# CoTransformer

`Transformer` represents the logic unit executing on arbitrary machine on a collection of partitions of the same partition keys of the input dataframes. The partitioning logic is not a concern of `CoTransformer`, it must be specified by `zip` in the previous step. You must understand [partition](partition.ipynb) and [zip](./execution_engine.ipynb#Zip-&-Comap)

**Input can be a single** `DataFrames`

**Alternatively it accepts input DataFrame types**: `LocalDataFrame`, `pd.DataFrame`, `List[List[Any]]`, `Iterable[List[Any]]`, `EmptyAwareIterable[List[Any]]`, `List[Dict[str, Any]]`, `Iterable[Dict[str, Any]]`, `EmptyAwareIterable[Dict[str, Any]]`

**Output DataFrame types can be**: `LocalDataFrame`, `pd.DataFrame`, `List[List[Any]]`, `Iterable[List[Any]]`, `EmptyAwareIterable[List[Any]]`, `List[Dict[str, Any]]`, `Iterable[Dict[str, Any]]`, `EmptyAwareIterable[Dict[str, Any]]`

Notice that `ArrayDataFrame` and other local dataframes can't be used as annotation, you must use `LocalDataFrame`.

`CoTransformer` requires users to be explicit on the output schema.

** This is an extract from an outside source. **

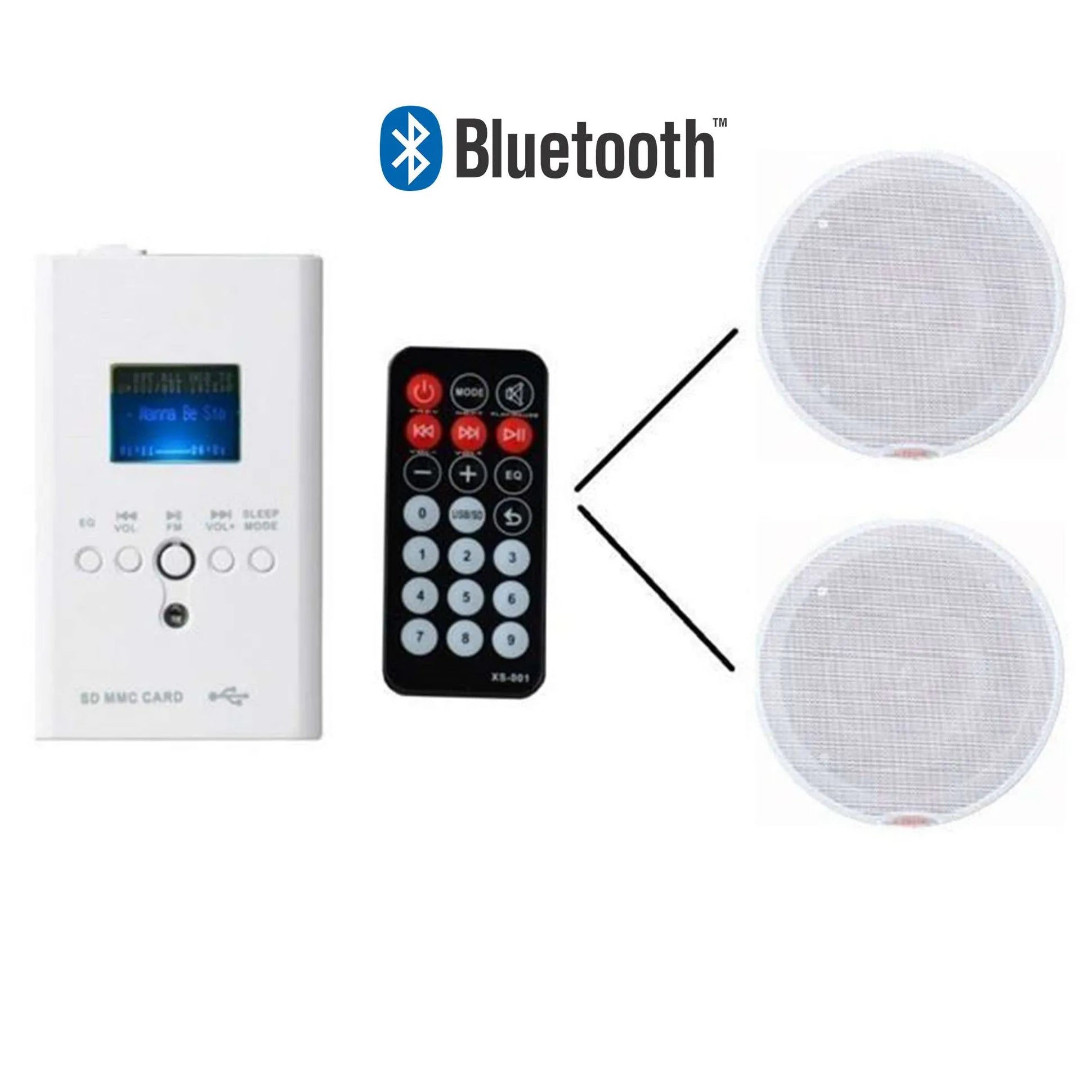 Amplificateur mural AM-215 USB BT 2 x 15 W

Different from `Transformer`, `*` is not allowed.

## Why Explicit on Output Schema?

Normally computing frameworks can infer output schema, however, it is neither reliable nor efficient. To infer the schema, it has to go through at least one partition of data and figure out the possible schema. However, what if a transformer is producing inconsistent schemas on different data partitions? What if that partition takes a long time or fail? So to avoid potential correctness and performance issues, `Transformer` and `CoTransformer` output schemas are required in Fugue.

## Native Approach

The simplest way, with no dependency on Fugue. You just need to have acceptable annotations on input dataframes and output. In native approach, you must specify schema in the Fugue code.

In [None]:
from typing import Iterable, Dict, Any, List
import pandas as pd

def to_str(df1:List[List[Any]], df2:List[Dict[str,Any]], n=1) -> List[List[Any]]:
    return [[df1.__repr__(),df2.__repr__()]]

In [None]:
from fugue import FugueWorkflow

with FugueWorkflow() as dag:
    df1 = dag.df([[0,1],[1,3]],"a:int,b:int")
    df2 = dag.df([[0,4],[1,2]],"a:int,c:int")
    df3 = dag.df([[0,2],[1,1],[1,5]],"a:int,b:int")
    # with out schema hint you have to specify schema in Fugue code
    # must have zip, by default, zip inner joins them by their common keys
    df1.zip(df2).transform(to_str, schema="df1:str,df2:str").show()
    # if you don't want Fugue to infer the join keys, you can specify
    df1.zip(df3, partition={"by":"a"}).transform(to_str, schema="df1:str,df2:str").show()
    # you can also presort partitions
    df1.zip(df3, partition={"by":"a", "presort":"b DESC"}).transform(to_str, schema="df1:str,df2:str").show()

## With Schema Hint

When you need to reuse a cotransformer multiple times, it's tedious to specify the schema in Fugue code every time. You can instead, write a schema hint on top of the function, this doesn't require you to have Fugue dependency. The following code is doing the same thing as above but see how much shorter.

In [None]:
from typing import Iterable, Dict, Any, List
import pandas as pd

#schema: df1:str,df2:str
def to_str(df1:List[List[Any]], df2:List[Dict[str,Any]], n=1) -> List[List[Any]]:
    return [[df1.__repr__(),df2.__repr__()]]

In [None]:
from fugue import FugueWorkflow

with FugueWorkflow() as dag:
    df1 = dag.df([[0,1],[1,3]],"a:int,b:int")
    df2 = dag.df([[0,4],[1,2]],"a:int,c:int")
    df3 = dag.df([[0,2],[1,1],[1,5]],"a:int,b:int")
    df1.zip(df2).transform(to_str).show()
    df1.zip(df3, partition={"by":"a"}).transform(to_str).show()
    df1.zip(df3, partition={"by":"a", "presort":"b DESC"}).transform(to_str).show()

## Using DataFrames

Instead of using dataframes as input, you can use a single `DataFrames` for arbitrary number of inputs.

In [None]:
from typing import Iterable, Dict, Any, List
import pandas as pd
from fugue import DataFrames, FugueWorkflow

#schema: res:[str]
def to_str(dfs:DataFrames) -> List[List[Any]]:
    return [[[x.as_array().__repr__() for x in dfs.values()]]]

#schema: res:[str]
def to_str_with_key(dfs:DataFrames) -> List[List[Any]]:
    return [[[k+" "+x.as_array().__repr__() for k,x in dfs.items()]]]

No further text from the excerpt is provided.